> _Source data_
------------------------------------------------------------------------

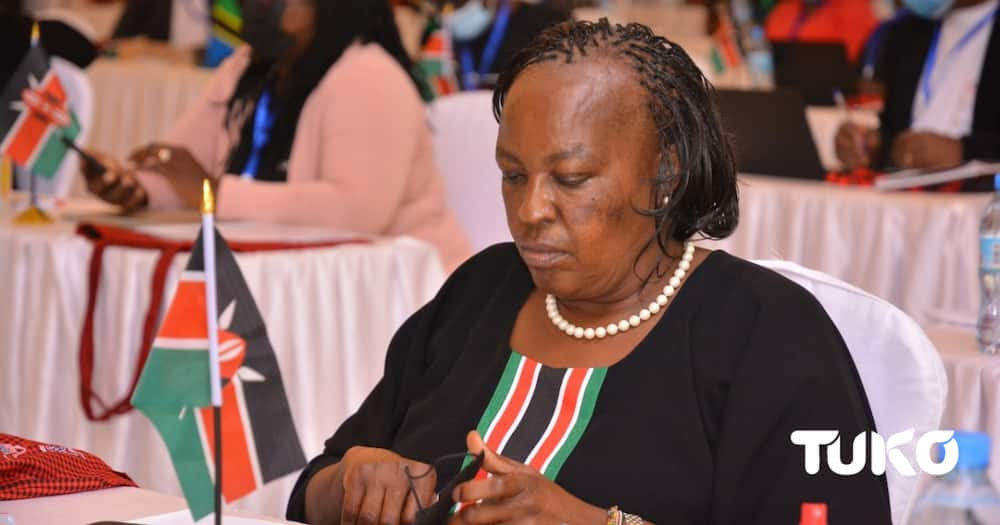 Kiambu First Lady Sarah Nyoro. Photo: Mercy Chebet TUKO correspondent.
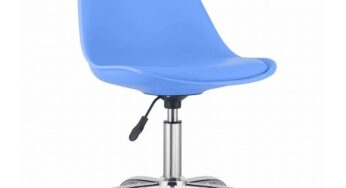 Review Artool Scaun de birou Alba rotativ ergonomic albastru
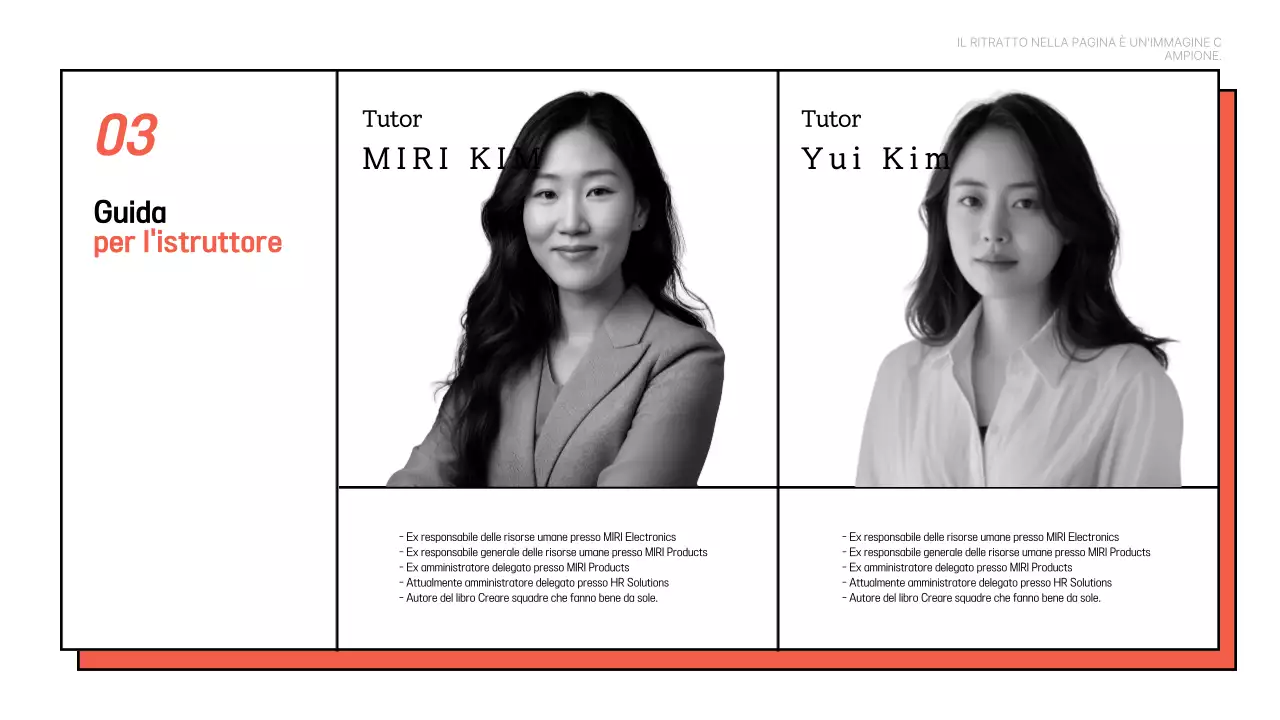 Promuovere un semplice seminario interno in bianco e arancione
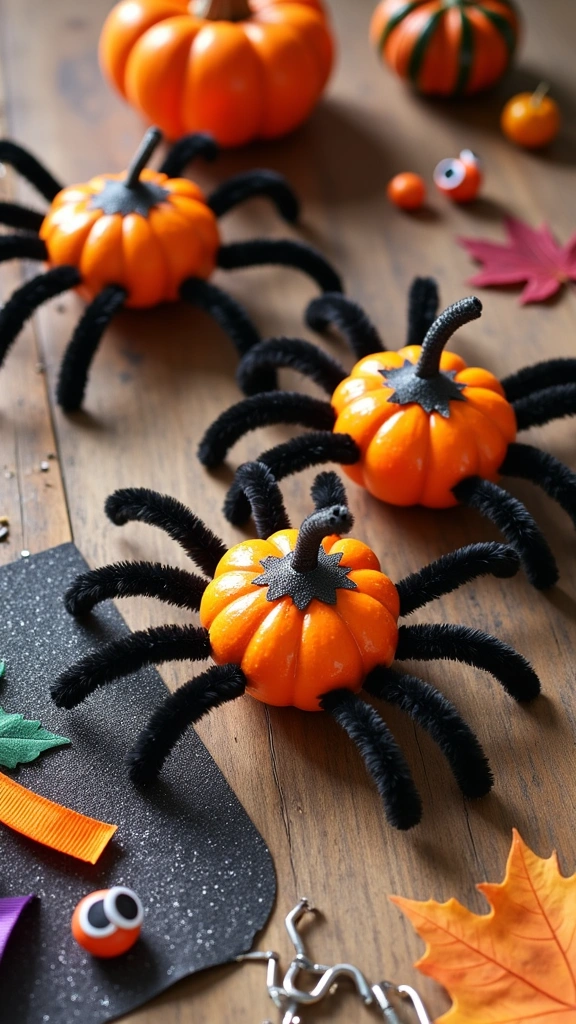 Pumpkin Spiders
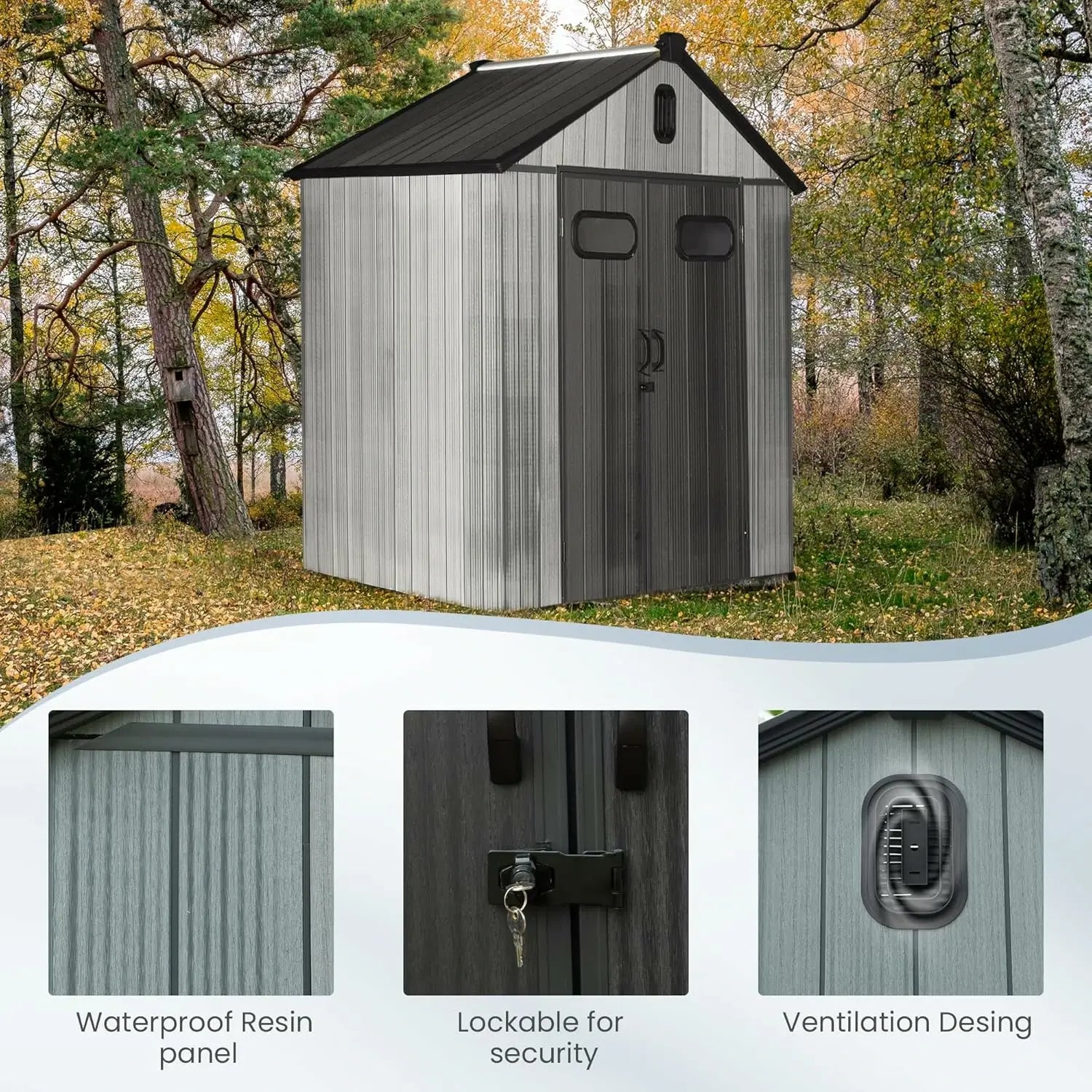 domi resin storage shed#size_6' x 4'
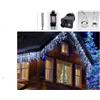 Due Esse Christmas Tenda led Bianco Freddo 120luci 3mt Prolungabile per Esterno Decorazioni Natalie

------------------------------------------------------------------------

> _What this task involves_
A precise repetition of every entry, free of pictures, is the expected answer.

> _Result_
 Kiambu First Lady Sarah Nyoro. Photo: Mercy Chebet TUKO correspondent.
 Review Artool Scaun de birou Alba rotativ ergonomic albastru
 Promuovere un semplice seminario interno in bianco e arancione
 Pumpkin Spiders
 domi resin storage shed#size_6' x 4'
 Due Esse Christmas Tenda led Bianco Freddo 120luci 3mt Prolungabile per Esterno Decorazioni Natalie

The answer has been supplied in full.